To investigate the impact of retrieval instructions upon connectivity between amygdala and hippocampus during correct source memory, we used the task developed by Smith and colleagues (Smith et al., 2006). In this task, neutral foreground items (object images) were paired with either negative or neutral backgrounds (source images) at encoding (see below for detail). At test, foreground objects were displayed as cues and participants were asked to retrieve information about the source images with which these had been initially paired. Test consisted of two different task conditions: an emotion-relevant condition (EMOTION) and an emotion-irrelevant condition (PEOPLE). In EMOTION, participants indicated whether the source image associated with each presented object were emotional or neutral. In PEOPLE they indicated whether or not the source image contained people (see below for further detail). The presence/absence of negative emotion and people was balanced across source images.

We were interested in consolidation, and therefore introduced a twelve hour retention interval between encoding and the final test session (Figure 1A). To allow examination of the differential influences of retention across a day of normal wakefulness as compared an equivalent interval containing a night of sleep, participants were randomly assigned to two experimental groups: ‘Wake’ and ‘Sleep’, with 6 females and 5 males in each group. In the Wake group, Encoding occurred in the morning (9 AM +/- 1 hour) and Test occurred in the evening (9 PM +/- 1 hour) such that the retention interval included a normal day during which participants did not sleep. In the Sleep groups, however, Encoding occurred in the evening (9 PM +/- 1 hour) and Test occurred in the morning (9 AM +/- 1 hour). For this group, the retention interval included a night of sleep (Figure 1A).

Figure 1. Experimental paradigm and source memory task.

Figure 1

A) Participants were divided into a Wake group (11 participants) who trained in the morning, and a Sleep group (11 participants) who trained in the evening. Each group was tested in the scanner 12 +-1 hours after encoding. The Sleep group therefore consolidated across a night of sleep, while the Wake group consolidated across a day of wakefulness. B) The source memory task (Smith et al., 2006): during Encoding participants viewed a source picture for three seconds before a foreground object was superimposed on it for a further five seconds. Participants formed an association between source and object, then responded with a button press. At Test (C) neutral objects were shown for 2.5 seconds, followed by a crosshair for 0.8 seconds. Testing was divided into two tasks: EMOTION and PEOPLE. In EMOTION, there were 3 possible responses: old originally paired with a negative source, old originally paired with a neutral source, and old but I can’t remember the source. In PEOPLE the response options were equivalent but participants indicated whether the source image contained people or not rather than whether it was negative or neutral. Training included two tests with feedback in which the source image was displayed after the subject had responded. Delayed testing (after the retention period) was carried out in the MRI scanner and did not include feedback. In Delayed testing, learned objects were intermixed with novel unlearned objects, and participants had an additional response option ‘new’ in both tasks.

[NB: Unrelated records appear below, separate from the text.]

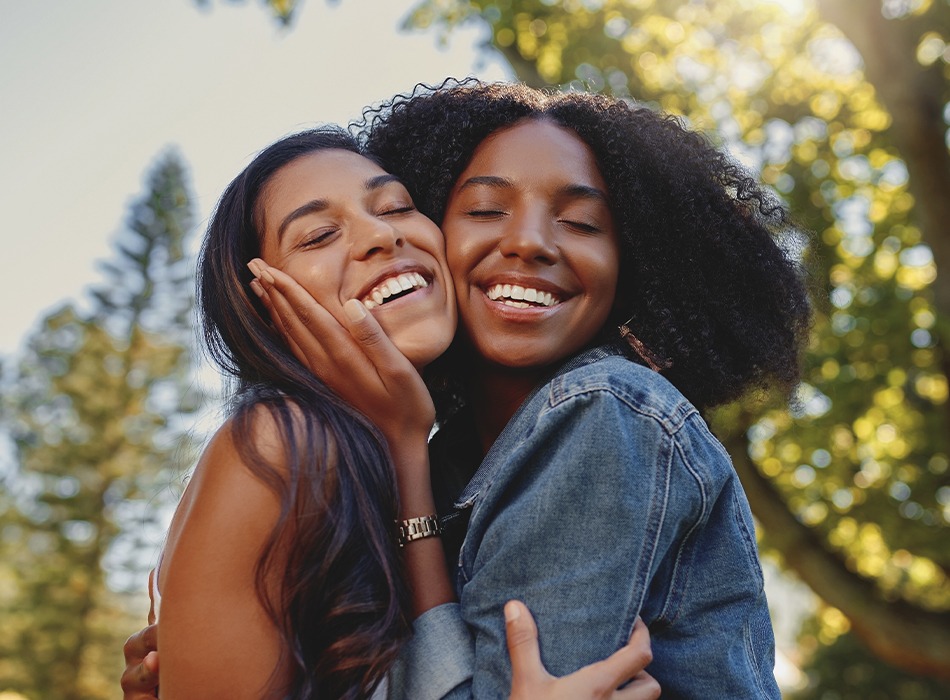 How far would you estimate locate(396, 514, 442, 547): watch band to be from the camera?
2.32m

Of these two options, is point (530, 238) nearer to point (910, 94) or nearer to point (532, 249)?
point (532, 249)

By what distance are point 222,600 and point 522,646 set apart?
0.62 metres

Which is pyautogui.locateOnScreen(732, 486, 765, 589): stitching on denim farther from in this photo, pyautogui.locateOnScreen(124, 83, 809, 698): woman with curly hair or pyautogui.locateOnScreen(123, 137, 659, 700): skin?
pyautogui.locateOnScreen(123, 137, 659, 700): skin

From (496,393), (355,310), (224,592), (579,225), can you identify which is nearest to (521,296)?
(579,225)

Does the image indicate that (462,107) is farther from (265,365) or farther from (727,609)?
(727,609)

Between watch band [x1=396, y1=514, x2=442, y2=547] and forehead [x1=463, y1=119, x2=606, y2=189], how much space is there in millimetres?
1080

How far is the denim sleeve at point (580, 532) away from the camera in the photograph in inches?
79.0

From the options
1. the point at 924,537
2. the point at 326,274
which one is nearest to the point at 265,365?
the point at 326,274

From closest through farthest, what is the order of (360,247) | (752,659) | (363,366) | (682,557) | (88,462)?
(682,557) → (752,659) → (363,366) → (360,247) → (88,462)

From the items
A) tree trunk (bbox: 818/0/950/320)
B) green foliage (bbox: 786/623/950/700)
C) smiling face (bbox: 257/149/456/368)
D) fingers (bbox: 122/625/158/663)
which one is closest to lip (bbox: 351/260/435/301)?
smiling face (bbox: 257/149/456/368)

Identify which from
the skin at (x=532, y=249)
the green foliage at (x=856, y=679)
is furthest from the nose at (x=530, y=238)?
the green foliage at (x=856, y=679)

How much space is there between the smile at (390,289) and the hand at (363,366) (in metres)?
0.12

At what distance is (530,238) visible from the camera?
277cm

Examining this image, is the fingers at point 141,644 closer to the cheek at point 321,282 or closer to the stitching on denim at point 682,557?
the cheek at point 321,282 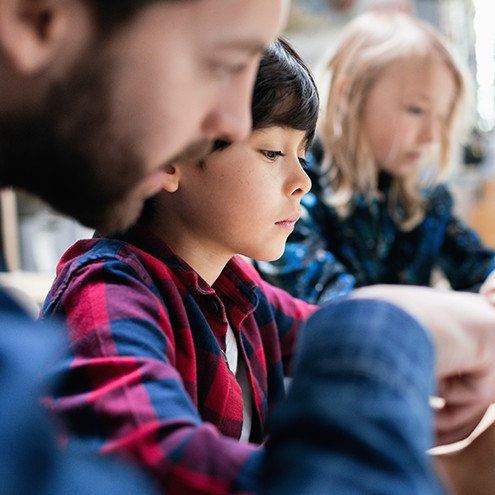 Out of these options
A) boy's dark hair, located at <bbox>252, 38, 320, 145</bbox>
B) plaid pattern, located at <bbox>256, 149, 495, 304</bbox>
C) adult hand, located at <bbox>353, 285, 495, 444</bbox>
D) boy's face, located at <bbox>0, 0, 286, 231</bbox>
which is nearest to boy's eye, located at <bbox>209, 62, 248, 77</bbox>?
boy's face, located at <bbox>0, 0, 286, 231</bbox>

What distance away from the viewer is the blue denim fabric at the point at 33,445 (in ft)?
0.90

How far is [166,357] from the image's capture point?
1.67 ft

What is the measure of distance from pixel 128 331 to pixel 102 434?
0.09 metres

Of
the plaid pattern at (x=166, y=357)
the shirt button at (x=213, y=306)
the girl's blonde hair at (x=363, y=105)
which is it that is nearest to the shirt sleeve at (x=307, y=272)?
the girl's blonde hair at (x=363, y=105)

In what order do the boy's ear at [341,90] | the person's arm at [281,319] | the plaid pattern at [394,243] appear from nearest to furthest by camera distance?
1. the person's arm at [281,319]
2. the plaid pattern at [394,243]
3. the boy's ear at [341,90]

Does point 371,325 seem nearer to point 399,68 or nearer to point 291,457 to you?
point 291,457

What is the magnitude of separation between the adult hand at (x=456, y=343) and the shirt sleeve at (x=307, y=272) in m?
0.59

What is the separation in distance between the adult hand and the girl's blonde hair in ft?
2.98

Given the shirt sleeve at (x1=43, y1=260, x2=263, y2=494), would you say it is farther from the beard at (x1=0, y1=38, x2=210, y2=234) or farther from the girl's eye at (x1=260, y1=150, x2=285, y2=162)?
the girl's eye at (x1=260, y1=150, x2=285, y2=162)

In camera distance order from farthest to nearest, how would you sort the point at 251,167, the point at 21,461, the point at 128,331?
the point at 251,167
the point at 128,331
the point at 21,461

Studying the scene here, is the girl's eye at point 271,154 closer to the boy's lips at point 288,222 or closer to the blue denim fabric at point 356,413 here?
the boy's lips at point 288,222

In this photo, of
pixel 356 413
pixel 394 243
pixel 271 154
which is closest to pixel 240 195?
pixel 271 154

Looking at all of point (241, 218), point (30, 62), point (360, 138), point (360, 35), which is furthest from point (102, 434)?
point (360, 35)

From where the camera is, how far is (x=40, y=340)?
0.32 metres
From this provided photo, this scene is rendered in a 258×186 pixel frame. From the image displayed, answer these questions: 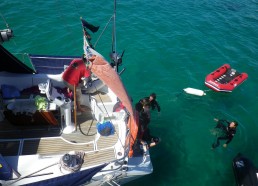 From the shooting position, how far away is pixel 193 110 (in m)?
12.5

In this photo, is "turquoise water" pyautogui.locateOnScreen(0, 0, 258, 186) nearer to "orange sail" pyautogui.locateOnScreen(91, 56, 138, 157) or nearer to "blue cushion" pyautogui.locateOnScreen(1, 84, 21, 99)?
"orange sail" pyautogui.locateOnScreen(91, 56, 138, 157)

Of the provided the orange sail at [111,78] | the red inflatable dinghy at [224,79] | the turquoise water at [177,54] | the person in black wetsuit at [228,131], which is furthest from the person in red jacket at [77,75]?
the red inflatable dinghy at [224,79]

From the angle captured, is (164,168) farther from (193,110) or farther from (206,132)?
(193,110)

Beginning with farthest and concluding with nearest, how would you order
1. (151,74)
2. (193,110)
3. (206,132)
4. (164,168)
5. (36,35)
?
(36,35) < (151,74) < (193,110) < (206,132) < (164,168)

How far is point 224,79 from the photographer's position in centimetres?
1384

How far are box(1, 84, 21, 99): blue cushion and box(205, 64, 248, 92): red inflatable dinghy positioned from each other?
921 cm

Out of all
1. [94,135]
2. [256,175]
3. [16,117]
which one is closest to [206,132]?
[256,175]

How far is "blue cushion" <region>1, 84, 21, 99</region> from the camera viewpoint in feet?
27.1

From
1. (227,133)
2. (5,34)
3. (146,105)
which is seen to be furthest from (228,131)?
(5,34)

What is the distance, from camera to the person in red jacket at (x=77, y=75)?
26.8 ft

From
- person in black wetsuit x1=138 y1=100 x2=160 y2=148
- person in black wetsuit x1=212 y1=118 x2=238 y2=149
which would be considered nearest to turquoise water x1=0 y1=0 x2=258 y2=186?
person in black wetsuit x1=212 y1=118 x2=238 y2=149

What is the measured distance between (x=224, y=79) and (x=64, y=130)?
30.7ft

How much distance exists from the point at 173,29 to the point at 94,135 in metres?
12.0

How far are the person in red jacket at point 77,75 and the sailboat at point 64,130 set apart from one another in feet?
1.24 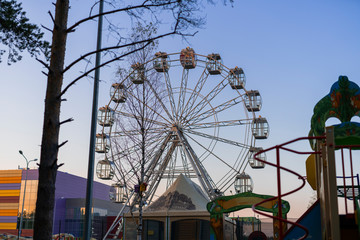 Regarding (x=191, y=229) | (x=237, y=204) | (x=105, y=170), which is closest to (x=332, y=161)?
(x=237, y=204)

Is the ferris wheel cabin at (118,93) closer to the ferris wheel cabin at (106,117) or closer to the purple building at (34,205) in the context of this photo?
the ferris wheel cabin at (106,117)

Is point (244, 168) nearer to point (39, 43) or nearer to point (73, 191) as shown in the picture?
point (39, 43)

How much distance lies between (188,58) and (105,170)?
330 inches

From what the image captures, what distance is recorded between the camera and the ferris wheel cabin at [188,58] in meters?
28.4

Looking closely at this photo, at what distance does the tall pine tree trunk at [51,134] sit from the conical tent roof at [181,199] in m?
18.2

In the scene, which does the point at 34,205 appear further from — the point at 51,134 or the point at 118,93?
the point at 51,134

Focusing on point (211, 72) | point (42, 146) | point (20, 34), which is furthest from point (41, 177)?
point (211, 72)

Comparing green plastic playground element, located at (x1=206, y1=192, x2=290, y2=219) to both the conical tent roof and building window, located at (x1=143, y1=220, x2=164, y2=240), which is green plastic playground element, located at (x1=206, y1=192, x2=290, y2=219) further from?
building window, located at (x1=143, y1=220, x2=164, y2=240)

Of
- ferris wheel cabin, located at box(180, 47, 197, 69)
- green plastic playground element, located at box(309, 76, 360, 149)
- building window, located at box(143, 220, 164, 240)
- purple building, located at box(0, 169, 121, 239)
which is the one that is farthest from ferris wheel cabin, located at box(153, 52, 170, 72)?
purple building, located at box(0, 169, 121, 239)

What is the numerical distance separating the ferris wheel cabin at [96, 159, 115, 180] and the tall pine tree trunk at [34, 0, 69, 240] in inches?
791

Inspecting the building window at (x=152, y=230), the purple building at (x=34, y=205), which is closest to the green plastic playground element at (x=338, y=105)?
the building window at (x=152, y=230)

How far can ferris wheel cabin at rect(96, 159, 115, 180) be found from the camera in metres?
26.8

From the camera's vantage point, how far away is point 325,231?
7.49 m

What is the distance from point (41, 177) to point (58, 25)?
2.31 metres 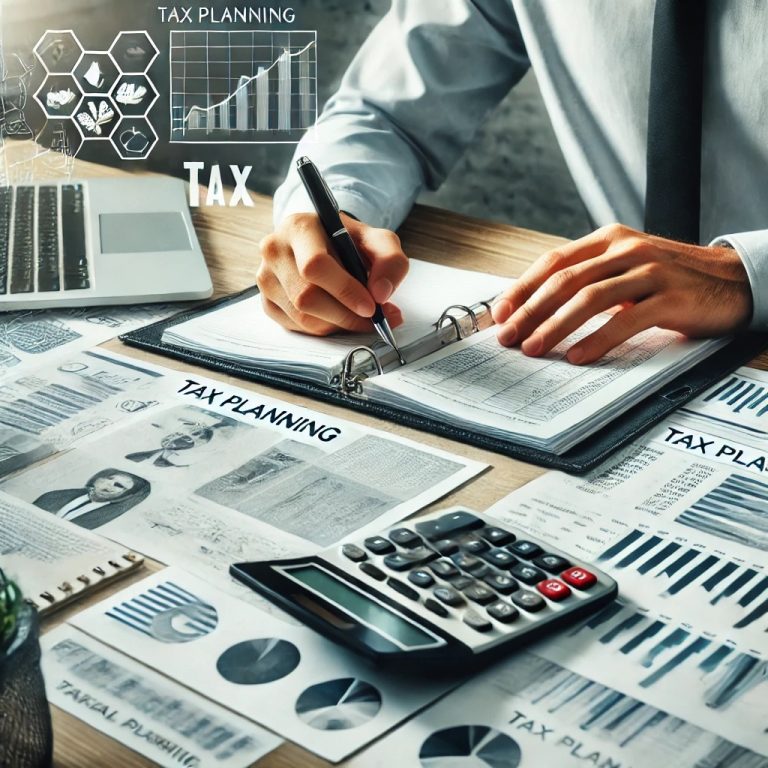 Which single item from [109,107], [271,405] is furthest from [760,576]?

The combination of the two retrieval tasks, the two retention groups, and the two source valences, produced a 2x2x2 design with the factors task (EMOTION/PEOPLE), group (Sleep/Wake), and source valence (negative/neutral). This allowed comparison of responses associated with the retrieval of negative and neutral memories as a function of both task and retention interval type.

Encoding Procedure

Following the method of Smith et al., (2006), each source image was shown for three seconds during encoding. A foreground object was then superimposed on it for five seconds before both images were replaced with a fixation cross for a further second (Figure 1B). Participants were asked to form an association between object and source images, then press a button. To facilitate learning, the 160 image pairs were separated into two lists of 80, 40 for use in EMOTION and 40 for use in PEOPLE. Encoding lasted twelve minutes for each list.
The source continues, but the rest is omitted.